As expected, the question of greater interest in the new session of the Scottish Parliament will be the content of the Government’s programme, rather than its political makeup – notwithstanding that the SNP no longer quite has an overall majority.
But the loss of that majority should also make it easier to have what many have felt to be a be a necessary discussion about the role of the Parliament, and in particular its committees. While descriptions of Scotland as a “one party state”, as some people glibly termed the era of majority rule, are well wide of the mark, if there is to be a proper balance between the legislative and executive branches of our devolved governance, Holyrood committees must be prepared to engage in more robust scrutiny of Government policies and decisions than was seen on occasion in the last Parliament.
Substantial concerns, for instance, have been raised over a bill in a stage 1 report, only for committee members quietly to toe the party line when it came to voting on amendments later.

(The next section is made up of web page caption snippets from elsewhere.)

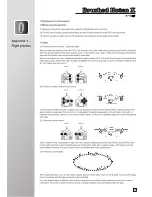 Preview for 19 page of Walkera Brushed Hoten X User Handbook Manual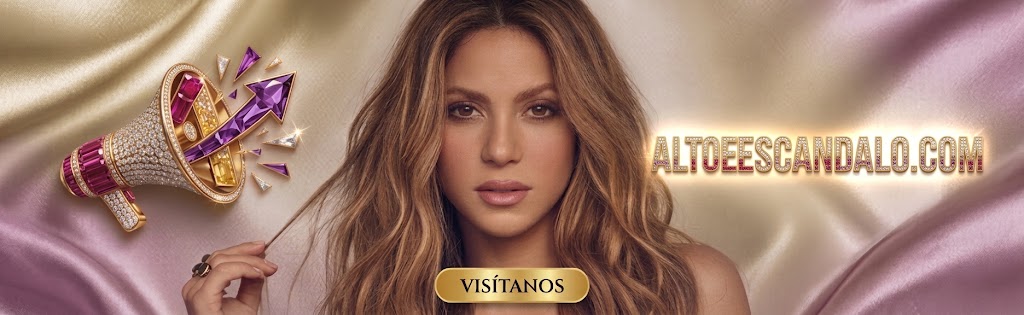 Altoescandalo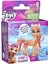 Kristal Pony Figür Izzy Moonbow - F3326-F5477 2
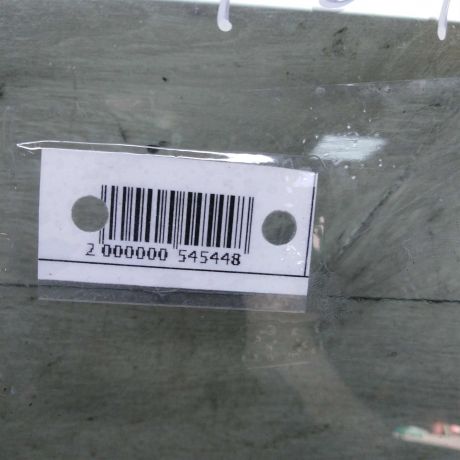 steklo-dveri-zadnee-levoe-renault-clio-ii-dorestailing-art-92124-big-1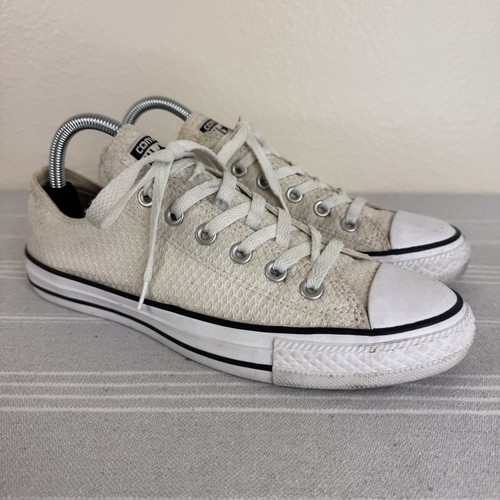 Converse chuck taylor - converse,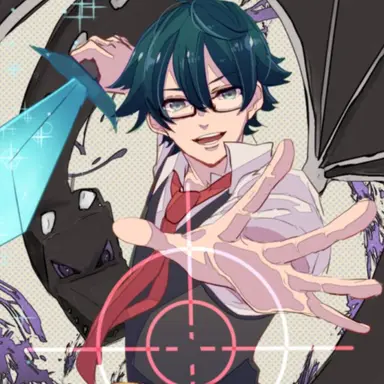 Profile image of おんりー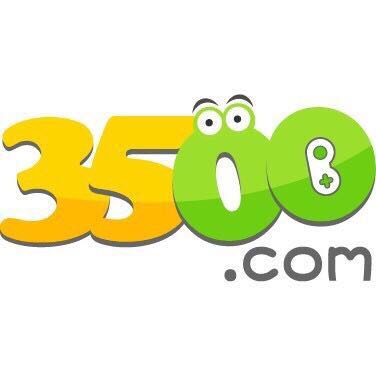 3500Ϸ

The question assumes greater significance as Holyrood takes on yet further powers under the new Scotland Act. Despite that, bringing about effective change would have been far from easy if the party of Government effectively controlled the chamber, and it is to be hoped that a more consensual approach will now be adopted.
To her credit, the Presiding Officer in the last Parliament asked for the system to be reviewed, and a report in January by the Standards etc Committee did present a number of proposals for reform – though it is doubtful whether any of these would in themselves lead to more independent parliamentary scrutiny.
Whether a system can be put in place that would continue to ensure a strong committee system even in the event of any future return to majority government remains to be seen, but the newly elected Parliament would do the country a great service if it were able to assert itself along the lines of those Westminster committees that manage to operate across party affiliations.
On a different note of interest to lawyers, the recent report did suggest that its proposals might enable committees to find time to review after it comes into force the operation of legislation passed by the Parliament, something always envisaged but never yet found possible. That would also mean taking a non-partisan view when necessary.
The question of how to hold the Government sufficiently to account is likely to remain a live one.
With this month's elections out of the way, the volume, if not necessarily the quality, of debate surrounding the EU referendum is likely to rise sharply. For this month's issue the Journal invited two leading lawyers to put the respective cases for Remain and Leave, and we are pleased to be able to present their constructive thoughts on the subject.
Of course, for many voters it will be a question of whose predictions do they believe, and we will only ever be able to test the accuracy of those for the winning side. So we hope at least that the values put forward, rather than some of the more wishful thinking on offer, will carry weight in the end.